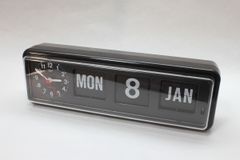 【中古美品】カレンダークロック TWEMCO トゥエンコ フリップカレンダー 置時計 掛時計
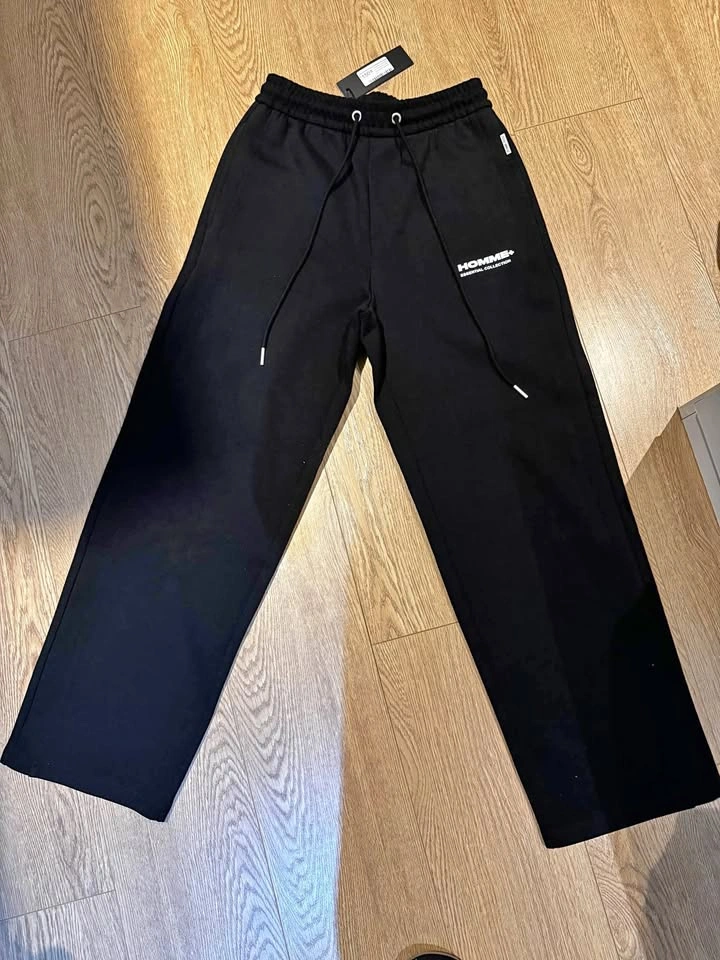 homme+ essentials black pants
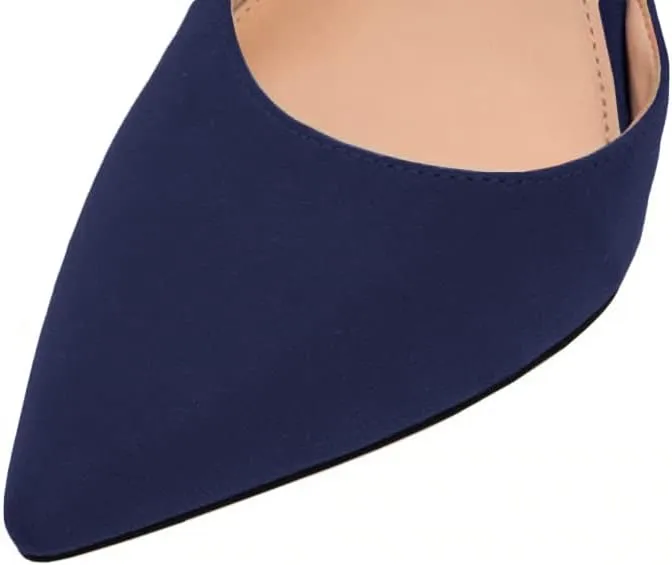 Juliet Holy Womens Pumps Point Closed Toe Heels Buckle Ankle Strap D'Orsay Heeled Sandals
========
## Work instruction:
A word-for-word copy of the data, without its pictures, is what is needed.

## Response:
 【中古美品】カレンダークロック TWEMCO トゥエンコ フリップカレンダー 置時計 掛時計
 homme+ essentials black pants
 Juliet Holy Womens Pumps Point Closed Toe Heels Buckle Ankle Strap D'Orsay Heeled Sandals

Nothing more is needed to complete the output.